What this task involves:
Of the entries below, return exactly those lines that fall between the one containing "Blauer Himmel über" and the one containing "Red cropped Half", the two end lines included.

-------- Dataset extract --------

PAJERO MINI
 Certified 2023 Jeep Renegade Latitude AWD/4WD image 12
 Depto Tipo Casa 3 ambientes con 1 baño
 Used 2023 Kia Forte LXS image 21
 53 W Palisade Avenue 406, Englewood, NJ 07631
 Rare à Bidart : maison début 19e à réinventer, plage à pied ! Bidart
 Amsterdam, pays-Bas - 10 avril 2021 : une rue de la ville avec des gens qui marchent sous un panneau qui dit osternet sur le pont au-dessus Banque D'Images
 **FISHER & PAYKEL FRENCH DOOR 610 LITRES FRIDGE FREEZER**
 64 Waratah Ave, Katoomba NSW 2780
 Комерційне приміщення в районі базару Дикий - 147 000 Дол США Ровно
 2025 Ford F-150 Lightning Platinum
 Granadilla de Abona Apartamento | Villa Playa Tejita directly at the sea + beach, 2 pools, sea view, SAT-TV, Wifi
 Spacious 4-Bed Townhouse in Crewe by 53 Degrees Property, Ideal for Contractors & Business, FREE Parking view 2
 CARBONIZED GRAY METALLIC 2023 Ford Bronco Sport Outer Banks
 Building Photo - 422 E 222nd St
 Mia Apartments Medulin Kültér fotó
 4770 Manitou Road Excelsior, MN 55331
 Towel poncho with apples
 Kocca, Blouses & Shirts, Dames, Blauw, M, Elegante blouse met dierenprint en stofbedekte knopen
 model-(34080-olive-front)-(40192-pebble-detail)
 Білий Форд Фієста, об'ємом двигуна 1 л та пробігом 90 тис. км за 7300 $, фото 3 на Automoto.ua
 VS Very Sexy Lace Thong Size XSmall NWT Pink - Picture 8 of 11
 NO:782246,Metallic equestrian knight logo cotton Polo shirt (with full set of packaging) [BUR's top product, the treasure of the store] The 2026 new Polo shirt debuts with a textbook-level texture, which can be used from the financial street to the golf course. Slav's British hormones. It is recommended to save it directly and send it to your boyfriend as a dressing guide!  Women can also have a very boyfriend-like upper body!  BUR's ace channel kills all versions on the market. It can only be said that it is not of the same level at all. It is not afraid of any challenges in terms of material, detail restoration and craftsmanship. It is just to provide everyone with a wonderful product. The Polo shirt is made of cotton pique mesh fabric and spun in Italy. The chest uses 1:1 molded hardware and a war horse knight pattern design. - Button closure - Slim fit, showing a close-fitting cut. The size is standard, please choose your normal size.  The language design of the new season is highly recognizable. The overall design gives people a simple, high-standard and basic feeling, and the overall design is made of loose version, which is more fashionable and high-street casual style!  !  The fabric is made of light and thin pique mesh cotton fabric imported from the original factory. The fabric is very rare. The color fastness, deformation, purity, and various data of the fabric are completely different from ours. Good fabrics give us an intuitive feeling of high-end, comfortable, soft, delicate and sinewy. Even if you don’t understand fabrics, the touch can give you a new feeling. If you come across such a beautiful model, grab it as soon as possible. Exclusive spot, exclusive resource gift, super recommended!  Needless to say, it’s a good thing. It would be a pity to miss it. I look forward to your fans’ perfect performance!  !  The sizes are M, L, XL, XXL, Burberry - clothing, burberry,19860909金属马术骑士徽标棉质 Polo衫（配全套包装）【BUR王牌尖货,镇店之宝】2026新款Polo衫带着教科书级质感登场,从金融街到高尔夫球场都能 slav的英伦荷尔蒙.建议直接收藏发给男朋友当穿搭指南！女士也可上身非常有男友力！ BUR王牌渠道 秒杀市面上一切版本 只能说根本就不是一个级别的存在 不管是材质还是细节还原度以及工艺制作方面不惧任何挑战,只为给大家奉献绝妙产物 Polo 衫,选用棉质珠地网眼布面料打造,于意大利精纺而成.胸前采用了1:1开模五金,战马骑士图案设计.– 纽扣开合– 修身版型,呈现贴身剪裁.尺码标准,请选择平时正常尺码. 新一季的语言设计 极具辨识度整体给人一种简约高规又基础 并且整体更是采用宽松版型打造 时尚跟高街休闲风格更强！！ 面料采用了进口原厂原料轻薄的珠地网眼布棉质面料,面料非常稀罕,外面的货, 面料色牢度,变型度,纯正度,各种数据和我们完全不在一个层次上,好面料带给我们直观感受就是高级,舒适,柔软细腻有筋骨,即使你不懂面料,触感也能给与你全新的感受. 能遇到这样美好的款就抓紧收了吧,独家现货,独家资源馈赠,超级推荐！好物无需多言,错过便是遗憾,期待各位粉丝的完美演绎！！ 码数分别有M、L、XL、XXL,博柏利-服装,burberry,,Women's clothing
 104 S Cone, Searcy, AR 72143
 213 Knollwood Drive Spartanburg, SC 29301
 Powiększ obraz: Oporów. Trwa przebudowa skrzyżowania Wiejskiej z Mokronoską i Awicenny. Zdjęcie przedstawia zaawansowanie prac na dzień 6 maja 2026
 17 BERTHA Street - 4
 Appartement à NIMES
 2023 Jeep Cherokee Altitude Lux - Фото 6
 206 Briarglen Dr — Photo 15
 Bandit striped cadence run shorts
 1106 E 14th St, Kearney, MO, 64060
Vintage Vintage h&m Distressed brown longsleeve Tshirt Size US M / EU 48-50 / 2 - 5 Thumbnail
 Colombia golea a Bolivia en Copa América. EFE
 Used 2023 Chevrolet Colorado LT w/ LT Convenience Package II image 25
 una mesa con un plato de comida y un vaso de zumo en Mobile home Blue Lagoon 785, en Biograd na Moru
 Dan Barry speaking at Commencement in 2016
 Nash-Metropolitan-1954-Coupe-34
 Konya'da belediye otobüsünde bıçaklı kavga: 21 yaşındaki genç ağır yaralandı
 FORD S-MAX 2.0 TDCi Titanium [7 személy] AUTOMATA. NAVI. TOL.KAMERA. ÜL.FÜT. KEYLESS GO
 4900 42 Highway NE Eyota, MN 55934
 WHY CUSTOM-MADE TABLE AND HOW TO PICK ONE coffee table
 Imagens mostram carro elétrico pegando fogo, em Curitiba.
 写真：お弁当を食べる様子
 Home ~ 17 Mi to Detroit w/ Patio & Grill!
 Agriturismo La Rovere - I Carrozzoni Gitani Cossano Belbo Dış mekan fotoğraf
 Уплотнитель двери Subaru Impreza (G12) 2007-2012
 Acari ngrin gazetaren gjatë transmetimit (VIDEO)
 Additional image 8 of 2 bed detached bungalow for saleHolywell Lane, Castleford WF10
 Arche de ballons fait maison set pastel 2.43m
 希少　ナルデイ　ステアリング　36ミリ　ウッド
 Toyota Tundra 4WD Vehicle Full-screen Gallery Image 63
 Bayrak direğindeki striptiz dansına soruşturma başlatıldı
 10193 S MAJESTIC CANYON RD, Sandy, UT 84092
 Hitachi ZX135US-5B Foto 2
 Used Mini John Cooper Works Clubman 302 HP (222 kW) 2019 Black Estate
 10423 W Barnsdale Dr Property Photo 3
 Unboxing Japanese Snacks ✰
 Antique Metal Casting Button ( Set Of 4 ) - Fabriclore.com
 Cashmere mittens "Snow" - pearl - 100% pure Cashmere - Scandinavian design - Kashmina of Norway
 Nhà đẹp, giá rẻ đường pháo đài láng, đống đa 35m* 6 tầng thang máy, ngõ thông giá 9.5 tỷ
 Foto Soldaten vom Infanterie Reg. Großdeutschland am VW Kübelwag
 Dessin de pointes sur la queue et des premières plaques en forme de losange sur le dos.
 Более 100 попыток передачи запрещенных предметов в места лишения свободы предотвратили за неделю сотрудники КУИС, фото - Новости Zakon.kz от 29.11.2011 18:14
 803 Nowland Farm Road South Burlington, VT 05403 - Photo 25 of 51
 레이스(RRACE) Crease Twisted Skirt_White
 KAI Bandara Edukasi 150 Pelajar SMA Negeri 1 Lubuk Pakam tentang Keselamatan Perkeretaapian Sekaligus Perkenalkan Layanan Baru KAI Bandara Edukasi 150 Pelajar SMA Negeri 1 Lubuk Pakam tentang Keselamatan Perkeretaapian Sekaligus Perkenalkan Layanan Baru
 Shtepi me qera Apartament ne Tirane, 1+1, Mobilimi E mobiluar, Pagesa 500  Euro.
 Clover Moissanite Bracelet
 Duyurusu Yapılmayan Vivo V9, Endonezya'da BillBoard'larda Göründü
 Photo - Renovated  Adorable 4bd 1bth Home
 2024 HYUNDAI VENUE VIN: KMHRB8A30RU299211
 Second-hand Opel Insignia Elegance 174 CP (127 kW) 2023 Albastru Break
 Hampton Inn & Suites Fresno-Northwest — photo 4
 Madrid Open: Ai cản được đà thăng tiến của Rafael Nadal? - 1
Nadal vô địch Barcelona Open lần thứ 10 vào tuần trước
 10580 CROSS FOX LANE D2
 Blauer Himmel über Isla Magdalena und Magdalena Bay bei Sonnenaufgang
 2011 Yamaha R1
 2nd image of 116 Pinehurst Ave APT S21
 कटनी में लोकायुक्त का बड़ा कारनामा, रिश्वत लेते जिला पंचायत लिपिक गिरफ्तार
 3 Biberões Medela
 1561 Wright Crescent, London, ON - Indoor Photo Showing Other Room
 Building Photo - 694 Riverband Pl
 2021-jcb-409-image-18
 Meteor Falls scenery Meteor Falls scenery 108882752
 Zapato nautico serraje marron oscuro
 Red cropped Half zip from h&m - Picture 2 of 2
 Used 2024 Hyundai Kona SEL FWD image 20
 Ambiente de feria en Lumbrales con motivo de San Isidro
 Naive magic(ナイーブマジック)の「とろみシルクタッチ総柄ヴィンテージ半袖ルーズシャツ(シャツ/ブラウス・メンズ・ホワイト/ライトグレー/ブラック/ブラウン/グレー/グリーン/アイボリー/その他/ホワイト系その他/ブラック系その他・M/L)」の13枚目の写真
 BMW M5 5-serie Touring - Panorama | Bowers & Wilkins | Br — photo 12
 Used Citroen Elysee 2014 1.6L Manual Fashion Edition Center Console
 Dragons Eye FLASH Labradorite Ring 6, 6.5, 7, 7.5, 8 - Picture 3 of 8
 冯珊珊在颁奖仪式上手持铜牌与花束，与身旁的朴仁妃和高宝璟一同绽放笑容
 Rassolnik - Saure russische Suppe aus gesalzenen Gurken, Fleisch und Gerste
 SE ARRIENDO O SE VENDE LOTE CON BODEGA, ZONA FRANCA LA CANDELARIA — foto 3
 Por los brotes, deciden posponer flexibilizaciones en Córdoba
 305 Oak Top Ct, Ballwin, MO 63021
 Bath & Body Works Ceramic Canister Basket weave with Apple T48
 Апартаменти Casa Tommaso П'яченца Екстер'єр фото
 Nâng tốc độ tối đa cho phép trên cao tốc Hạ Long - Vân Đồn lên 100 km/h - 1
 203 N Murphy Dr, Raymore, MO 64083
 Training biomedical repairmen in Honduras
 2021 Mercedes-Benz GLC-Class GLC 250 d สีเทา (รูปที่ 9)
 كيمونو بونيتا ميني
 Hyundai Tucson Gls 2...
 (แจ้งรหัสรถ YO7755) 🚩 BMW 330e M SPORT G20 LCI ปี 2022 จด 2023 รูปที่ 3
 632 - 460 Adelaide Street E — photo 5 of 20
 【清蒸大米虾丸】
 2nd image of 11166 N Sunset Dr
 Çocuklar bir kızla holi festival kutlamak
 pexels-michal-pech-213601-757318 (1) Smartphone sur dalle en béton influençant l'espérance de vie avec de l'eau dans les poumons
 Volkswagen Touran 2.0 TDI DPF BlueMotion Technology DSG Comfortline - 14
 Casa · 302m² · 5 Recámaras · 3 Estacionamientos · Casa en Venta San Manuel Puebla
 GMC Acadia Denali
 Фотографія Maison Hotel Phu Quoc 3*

--------

Response to this exercise:
 Blauer Himmel über Isla Magdalena und Magdalena Bay bei Sonnenaufgang
 2011 Yamaha R1
 2nd image of 116 Pinehurst Ave APT S21
 कटनी में लोकायुक्त का बड़ा कारनामा, रिश्वत लेते जिला पंचायत लिपिक गिरफ्तार
 3 Biberões Medela
 1561 Wright Crescent, London, ON - Indoor Photo Showing Other Room
 Building Photo - 694 Riverband Pl
 2021-jcb-409-image-18
 Meteor Falls scenery Meteor Falls scenery 108882752
 Zapato nautico serraje marron oscuro
 Red cropped Half zip from h&m - Picture 2 of 2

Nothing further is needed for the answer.